Durante el examen, Jane le hizo preguntas tratando de llegar a un primer diagnóstico provisional. Fiona estaba deseosa de contarle todos sus síntomas.

–Dices que, hace unas semanas, no pudiste localizarme y que por eso acudiste al servicio médico de Moortown. ¿Le contaste al médico todos esos detalles que acabas de contarme a mí?

–No, no pude hablar con él igual que contigo, Jane. Ya sabes, estas cosas son muy violentas. Le dije simplemente que me dolía la espalda, y él me dio analgésicos. Ni siquiera me examinó, dijo que tenía una visita que hacer… No podía contarle a un extraño que estaba deseando tener un hijo, ni que estaba emocionada porque se me había hinchado el vientre.

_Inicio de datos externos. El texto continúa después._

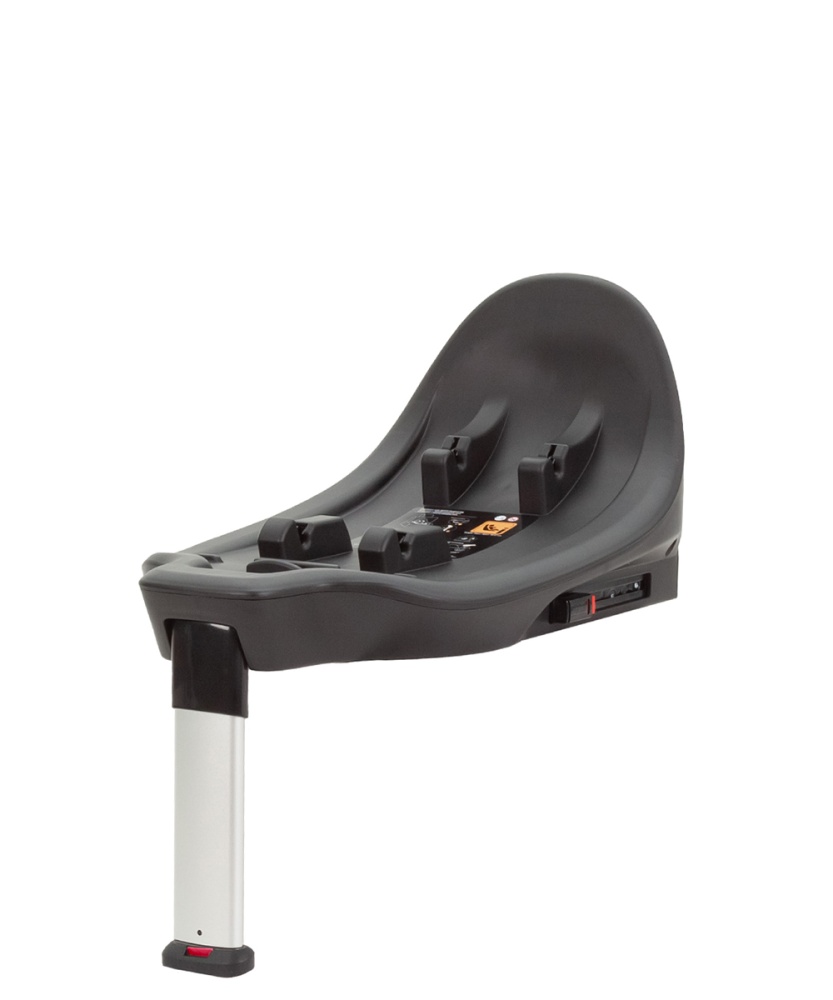 Carrello База ISOFIX для автокресла Ammonite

Pero luego, cuando me llegó la menstruación…

–Bueno, bueno, no te preocupes, ya me lo has contado a mí, Fiona. Voy a llamar a la consulta de Moortown y voy a pedirles que te hagan un análisis completo.

–¿Cuándo?

–Hoy. Necesitas que te vea un especialista. Hay que controlar ese bulto del vientre. ¿Dónde está Dave?

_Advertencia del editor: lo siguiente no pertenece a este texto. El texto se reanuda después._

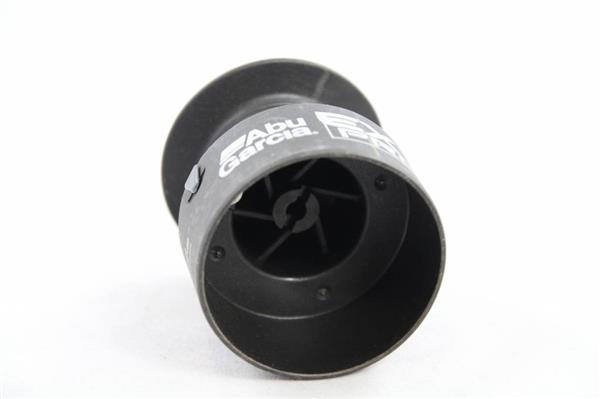 Grote foto abu garcia ex pro 4000 rd reserve spoel sport en fitness vissport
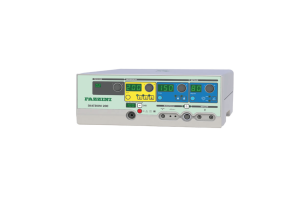 Elektrokauter - DIATROM 200W
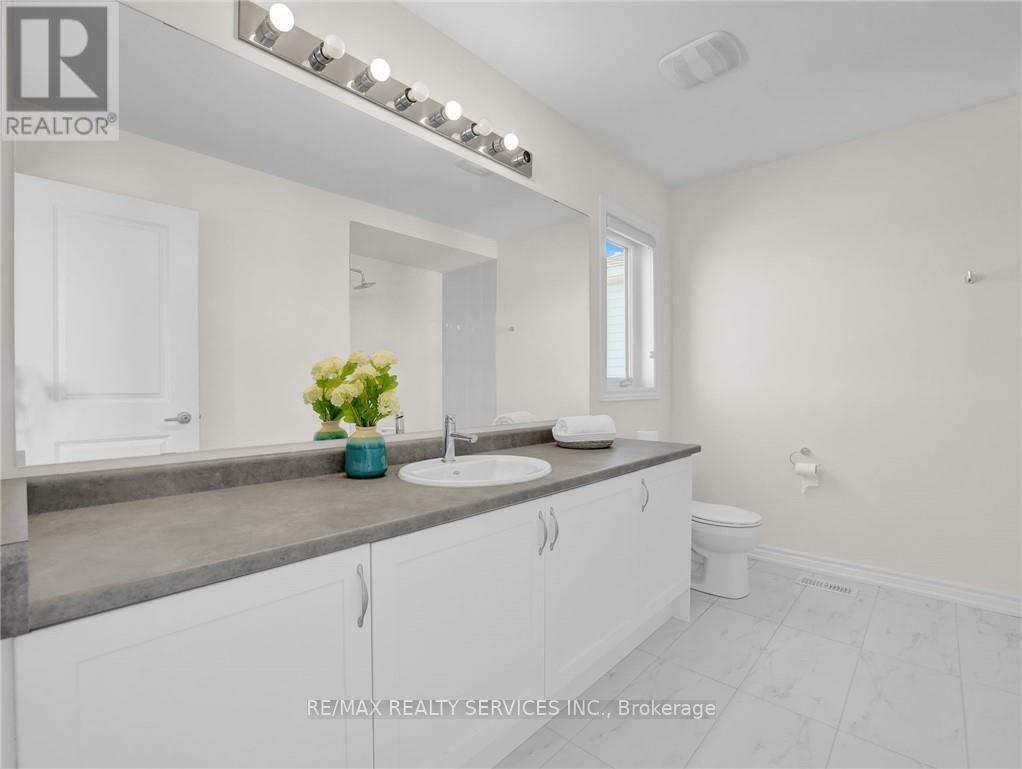 28 Ford Street, Brant, Ontario  N0E 1N0 - Photo 16 - X12567136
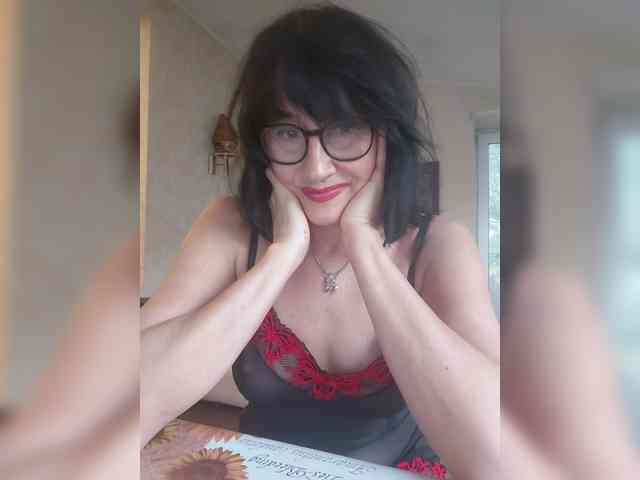 Vlastelina webcam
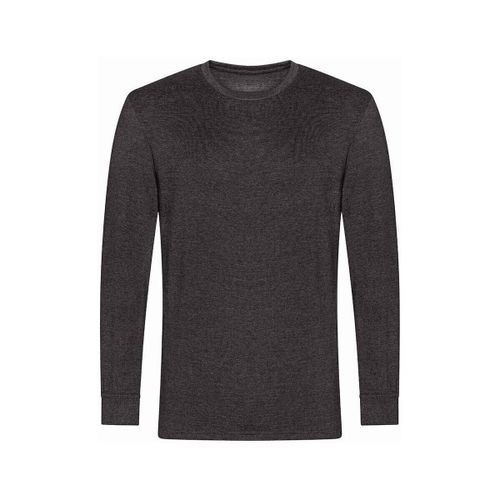 T-shirt Pro Rtx Pro - Pro Rtx - Modalova
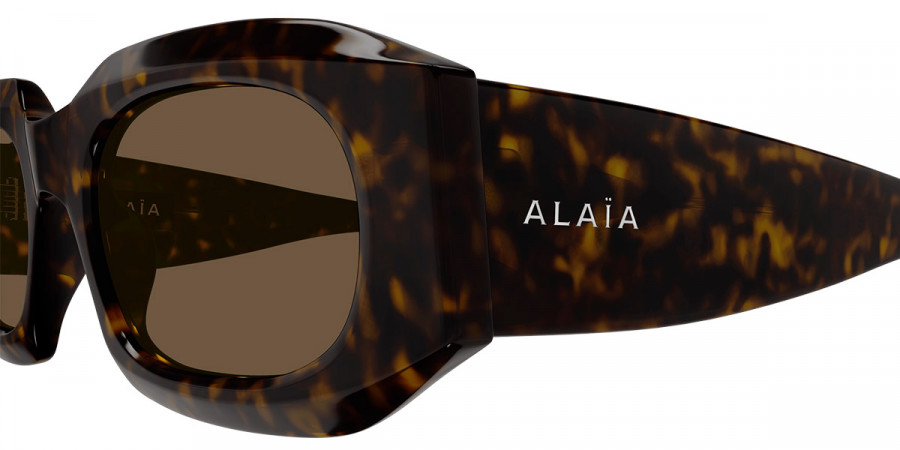Azzedine Alaïa™ - AA0086S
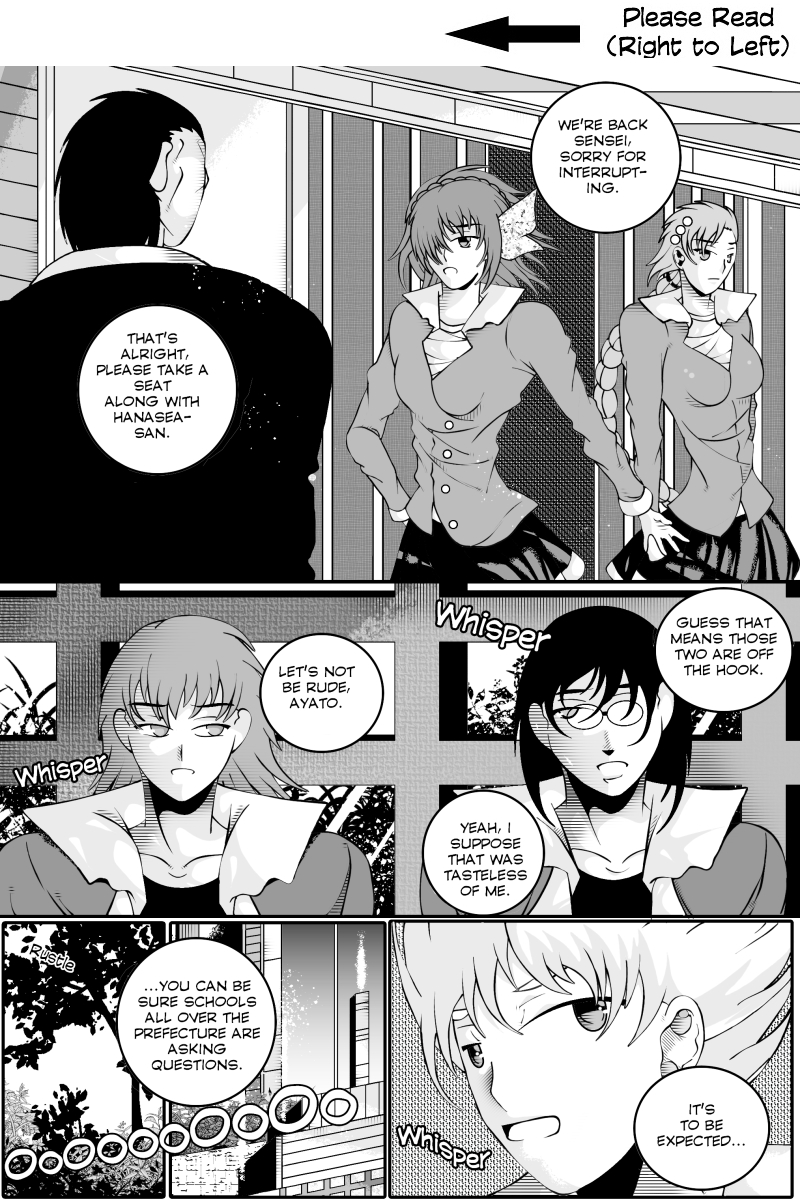 Chapter 03: (Page 06)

–En el jardín, fumando un cigarrillo. ¿Qué crees que me pasa?

Jane vaciló. Siempre había sido sincera con sus pacientes, pero a veces tenía que enmascarar en cierta forma la verdad, ir paso a paso.

–Creo que ese bulto puede ser algún tipo de quiste. Necesitamos saber de qué clase es y, en caso necesario, extirparlo. Solo en caso necesario, Fiona.

Jane llamó al hospital de Moortown mientras Fiona se vestía.

 

 

–Siento llegar tarde. Fiona Smithson tenía un problema más grave de lo que imaginaba.

Jane se dejó caer en la silla del comedor, a la derecha de su padre. Frente a ella, Richard Montgomery comía sopa. Tuvo la cortesía de dejar la cuchara y sonreír mostrando sus perfectos dientes blancos. Su sonrisa era devastadora. Jane trató de no derretirse. Tenía tanto estrés que, sin darse cuenta, lo miró enfurruñada.

–Siento que hayamos tenido que empezar sin ti, cariño –se disculpó su padre.

La señora Bairstow se apresuró a volver al comedor con la sopera.

–Te he guardado la sopa calentita –dijo llenando el plato de Jane.